** INFORMATION PROVIDED **

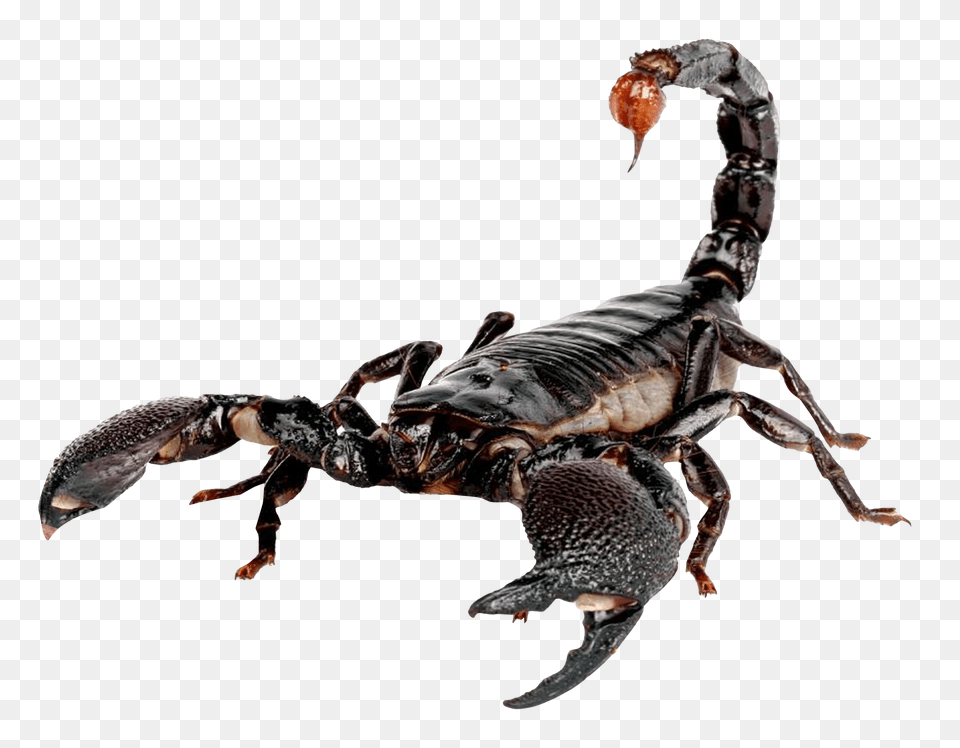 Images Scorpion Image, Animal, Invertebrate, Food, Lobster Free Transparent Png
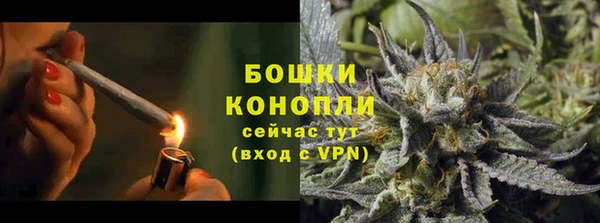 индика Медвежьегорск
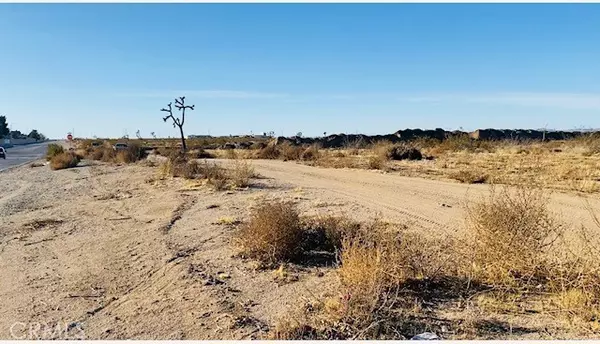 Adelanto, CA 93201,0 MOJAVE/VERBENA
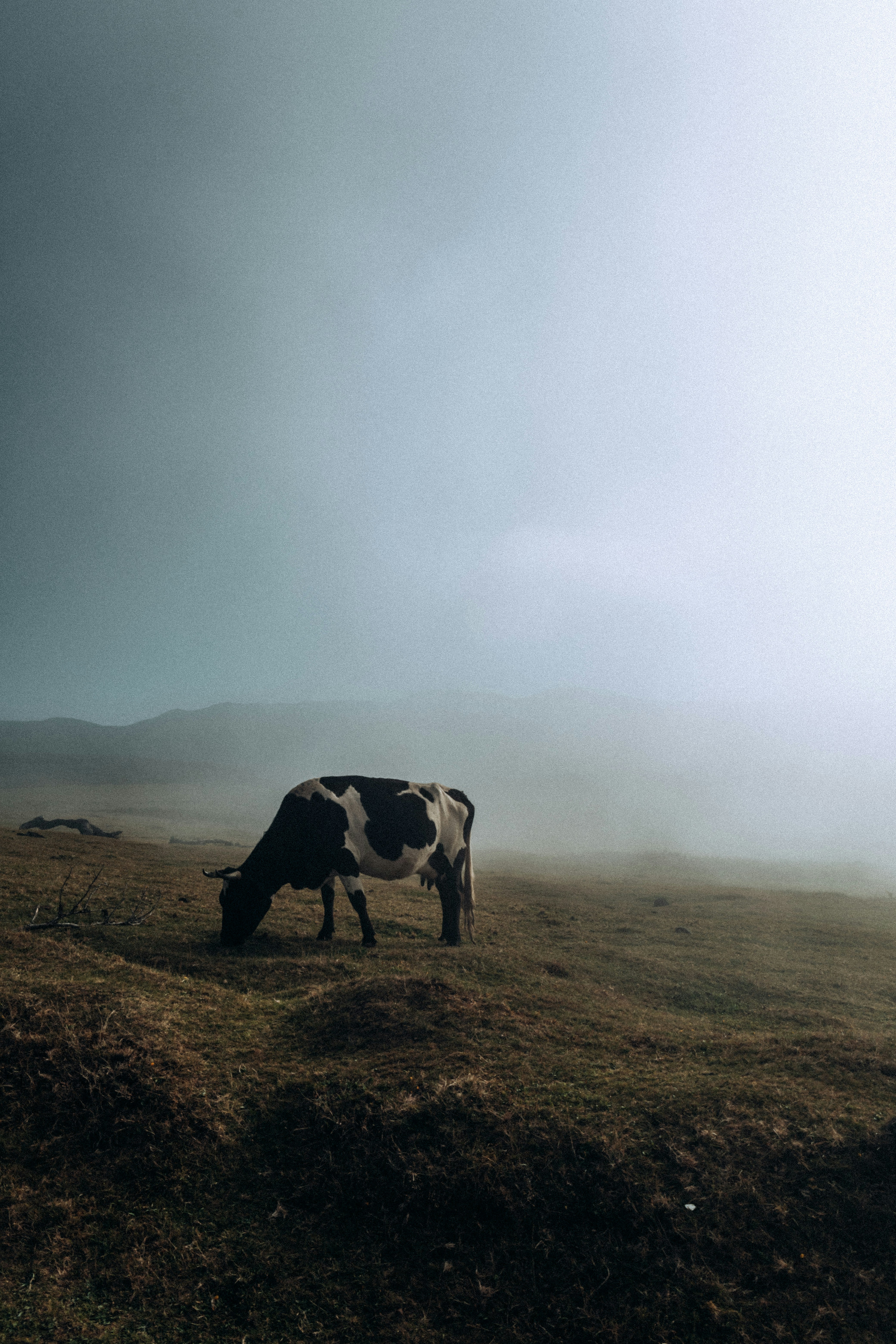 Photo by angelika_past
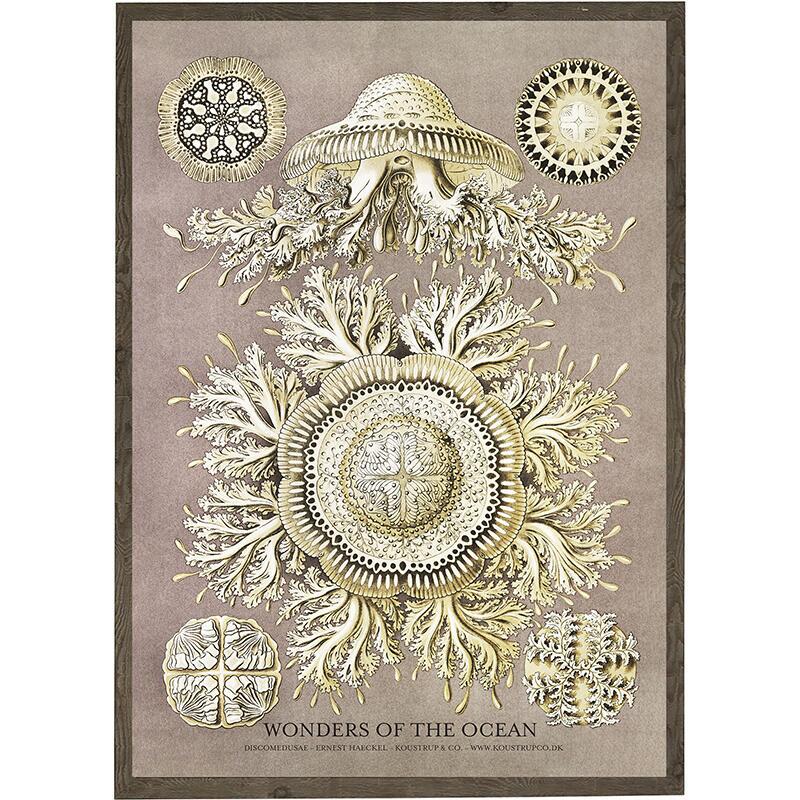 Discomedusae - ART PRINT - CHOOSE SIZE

** EXERCISE INSTRUCTIONS **
Please return exactly, and only, the lines from the one containing "Photo by angelika_past" through the end of the records, with both end lines kept and every picture dropped.

** RESULT OF THIS TASK **
 Photo by angelika_past
 Discomedusae - ART PRINT - CHOOSE SIZE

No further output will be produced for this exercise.